I: Tension spring (= load memory / brake)

For this purpose, the planetary triangle ( 2 ) must be firmly coupled to the axis, i.e. the sun gear ( 1 ). As a result, the inside spring end is connected via part 3 as with the fixed axis. Since the spring housing is connected to the impeller hub housing via part 7 , the spring is tensioned directly by rotating the impeller.

II: Relax spring (= unload storage / drive)

Now the planet triangle ( 2 ) must be firmly connected to the hub shell (i.e. the rim). At the same time, the coupling of part 2 with the axis ( 9 ) is released. The connection part 4 / hub housing remains. So now part 3 is moved in the forward direction by the tensioned spring relative to the rim. As a result, the planetary gears roll in the same direction over the sun gear, and so the planetary triangle moves the rim in the forward direction - this time, however, with reduction, ie the drive takes place over a greater distance than the braking distance. The power is smaller, but it supports the driver.

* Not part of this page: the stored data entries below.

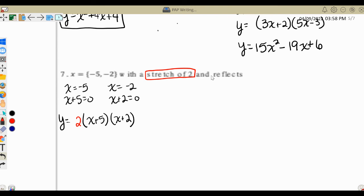The stretch factor goes out front. For a reflection, since we're reflecting around the x-axis in algebra 1, we put a negative on our a. So we have negative 2 out front. As an option, we could multiply that negative 2 into the first binomial, but in my experience many students get confused and try to multiply it into both sets of parentheses.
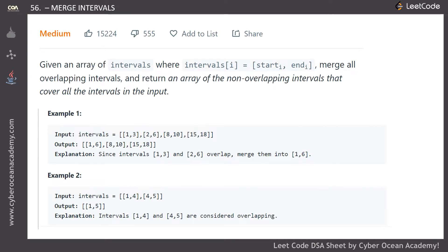We are given an array of intervals, where each interval has a starting index and ending index. What we actually do is merge all the overlapping intervals and return the array of non-overlapping intervals that cover all the intervals in the input.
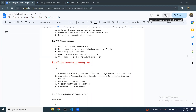Hi, welcome back. Today is day seven of the SAC Planning learning series. In today's session, we're going to talk about data actions in SAC planning.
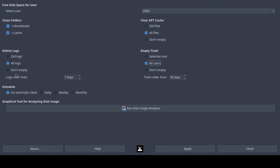Similarly, even if you select 'all logs' it may only delete logs older than a certain threshold. I think the logical solution is to select 'logs older than zero days' to delete everything, and the same for trash — select zero days. I'm going to set that now, as that's most likely what the issue was.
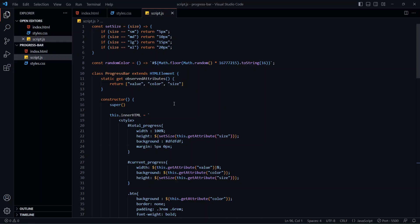We have the progress bar custom element from the previous video. We used the custom elements API to create and register it on the web page. But there are still some things missing from this component. We want the component to behave the same way every time we inject it in our project, but as of now, global styles or global JavaScript can easily manipulate this component.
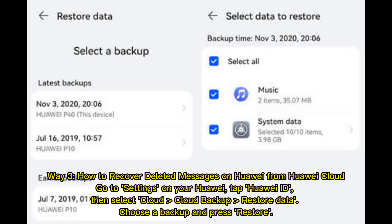Way 3: How to recover deleted messages on Huawei from Huawei Cloud. Go to Settings on your Huawei, tap Huawei ID, then select Cloud, Cloud Backup, Restore Data. Choose a backup and press Restore.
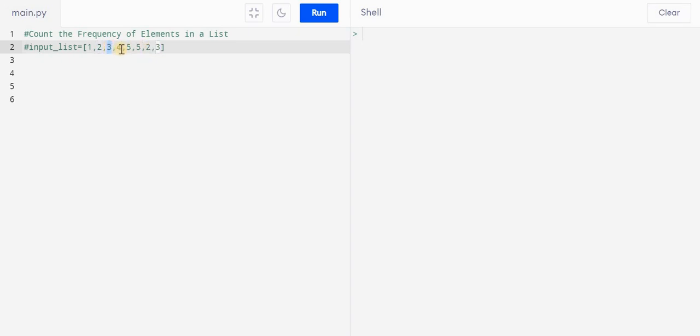4 comes here one time and 5 comes here two times, right. So actually in Python we have a method called Counter. We can directly call this from the collections library or module and we can do the needful thing, but there is another way by which we can achieve the same solution.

III: idle / spring relaxed

The entire spring mechanism is taken out of operation when part 7 is out of engagement, ie the spring housing ( 4 ) is freely movable.

IV: idle / spring tensioned

To conserve the stored spring energy for later use, the two spring ends (inside and outside) must not move relative to each other. So part 3 a (inner spring end) must be firmly connected to the hub or rim (outer spring end).

This is not yet realized by the option shown in the figure. For this are a second, separately controlled shifting cable and guided from the other axle side into the hub and another Switching element required (not shown).

Tension / relax at different speeds

It is possible to swap the functions of tensioning and relaxing. That is, it is also possible to tension the spring in switching state II and to relax in gear state I. For the swapping the functions of tensioning / relaxing only the front wheel has to be turned. Here the charging would now take place over a longer distance - but less braking. About at Downhill this can be useful. When using the tensioning work, the bike becomes even more powerful accelerates.  

Switching characteristics

It would be most convenient for the user to have a gear lever on the handlebar, similar to one Hub gear to have. If the driver now wants to brake while driving, he switches from "Idling on "brakes" - and the energy storage is charged.

If no more kinetic energy is to be extracted from the rider / bike system, the rider can just switch to "idle with storage"; or with full spring (after a precisely defined number of spring winding revolutions) the shift lever should automatically switch to "idle with storage" switch. The spring would then remain under tension until the driver clicked the "accelerate" button can be supported by the spring force - for example when starting off, negotiating inclines or at Headwind.

Unfortunately, these desires for the gearshift are technically difficult to cope with. So I have to compromise for now.

A solution

Fig. 1 shows the hub with the gear inside on average (without bearings and seals). The spring itself is now integrated in the hub shell. If the coil spring requires a larger diameter, the hub shell can be adjusted accordingly. The device is operated via a simple gear lever (e.g. the gear lever "Torpedo" of the 3-speed hub gear from Fichtel & Sachs) and a Bowden cable.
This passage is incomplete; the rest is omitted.